PROBLEM DETAILS
Quote, word for word, only the lines running from the line with "Bunte Australian Shepherd" through the end of the listing. Leave out the pictures.

-------- DATA EXCERPT --------

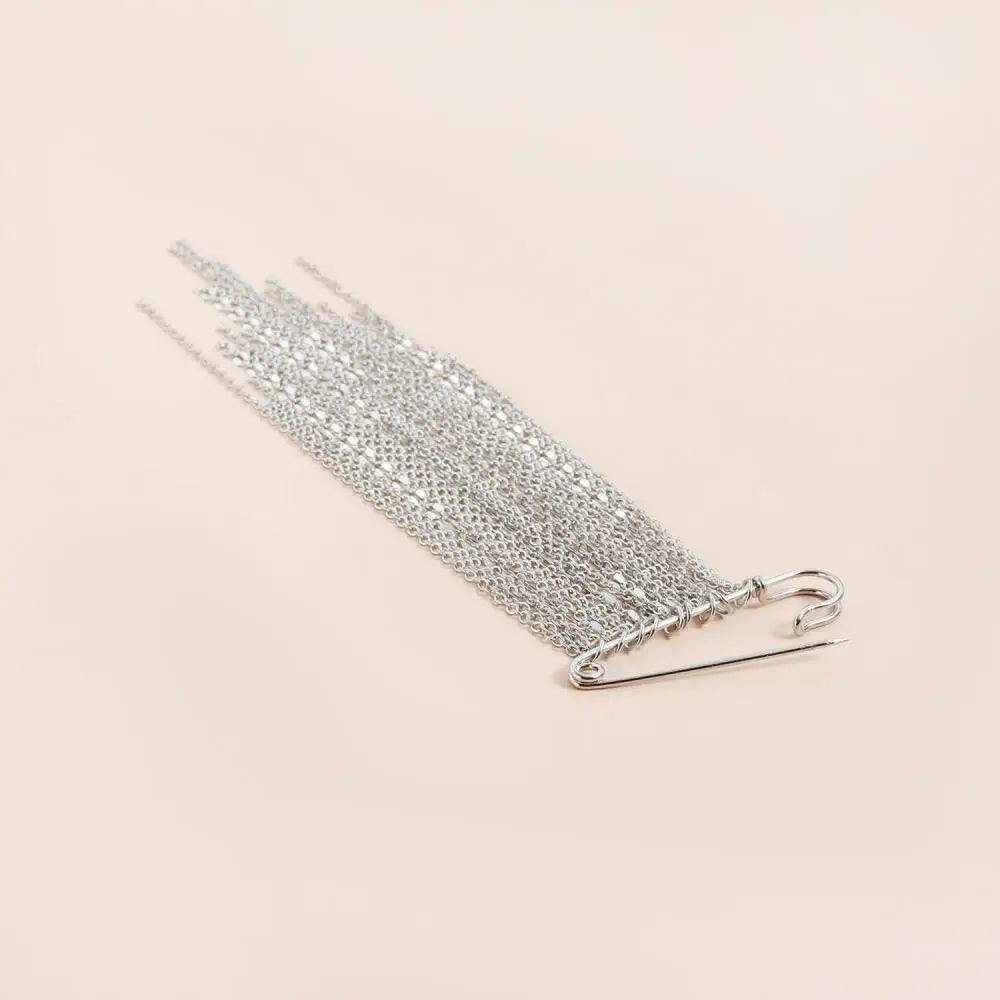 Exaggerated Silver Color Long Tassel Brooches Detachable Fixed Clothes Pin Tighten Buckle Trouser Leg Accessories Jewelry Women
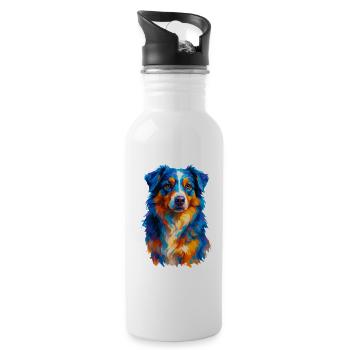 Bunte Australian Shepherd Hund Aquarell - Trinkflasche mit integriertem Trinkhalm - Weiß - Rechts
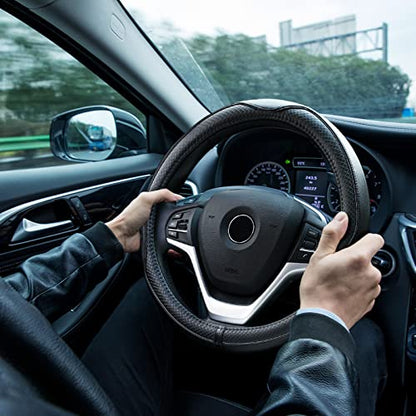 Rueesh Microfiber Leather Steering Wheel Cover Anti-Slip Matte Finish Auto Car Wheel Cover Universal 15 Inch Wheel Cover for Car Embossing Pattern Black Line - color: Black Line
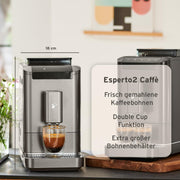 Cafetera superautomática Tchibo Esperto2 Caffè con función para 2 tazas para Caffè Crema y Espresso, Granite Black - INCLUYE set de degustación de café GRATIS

--------

RESPONSE FOR THIS EXERCISE
 Bunte Australian Shepherd Hund Aquarell - Trinkflasche mit integriertem Trinkhalm - Weiß - Rechts
 Rueesh Microfiber Leather Steering Wheel Cover Anti-Slip Matte Finish Auto Car Wheel Cover Universal 15 Inch Wheel Cover for Car Embossing Pattern Black Line - color: Black Line
 Cafetera superautomática Tchibo Esperto2 Caffè con función para 2 tazas para Caffè Crema y Espresso, Granite Black - INCLUYE set de degustación de café GRATIS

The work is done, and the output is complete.